── RECORDS SHOWN
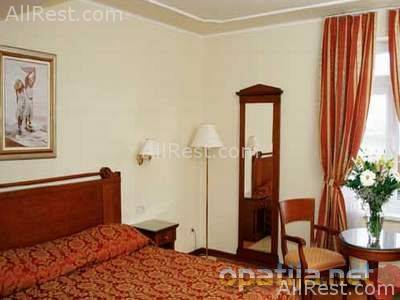 Grand Hotel Opatija 11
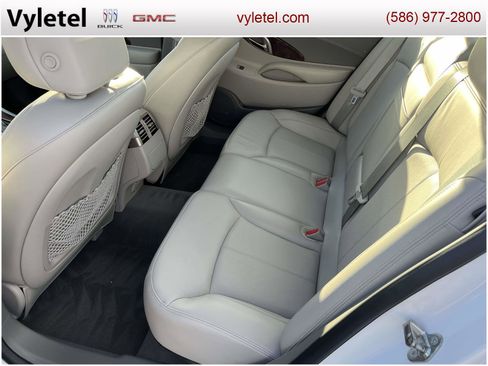 Used 2010 Buick LaCrosse CXL w/ Luxury Package image 11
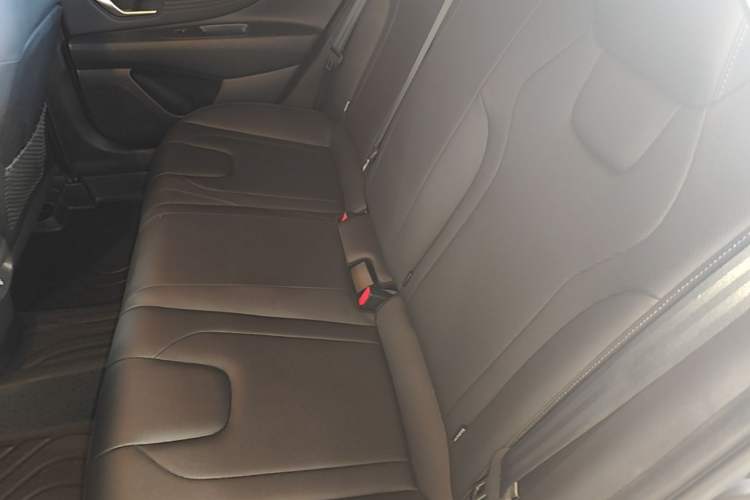 Used Hyundai Elantra 2023 1.5L CVT LUX Prestige Edition Left Rear Seat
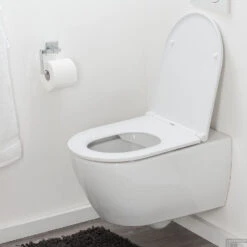 Toiletzitting Tiger Elvas Duroplast Softclose Wit -Geberiter Meubels Geschaft toiletzitting tiger elvas duroplast softclose wit sfeer 3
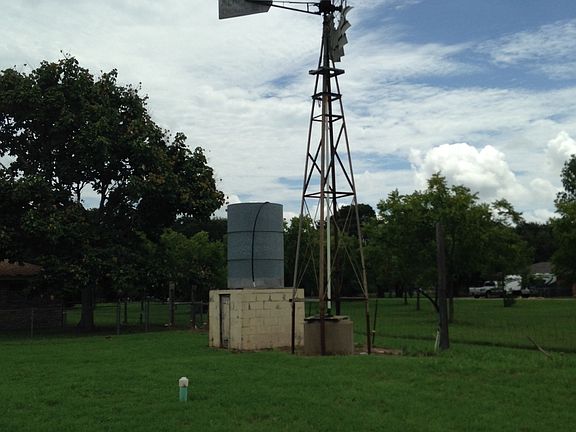 1.5 Acres with Windmill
────
Pictures aside, reproduce every record exactly as it stands.

 Grand Hotel Opatija 11
 Used 2010 Buick LaCrosse CXL w/ Luxury Package image 11
 Used Hyundai Elantra 2023 1.5L CVT LUX Prestige Edition Left Rear Seat
 Toiletzitting Tiger Elvas Duroplast Softclose Wit -Geberiter Meubels Geschaft toiletzitting tiger elvas duroplast softclose wit sfeer 3
 1.5 Acres with Windmill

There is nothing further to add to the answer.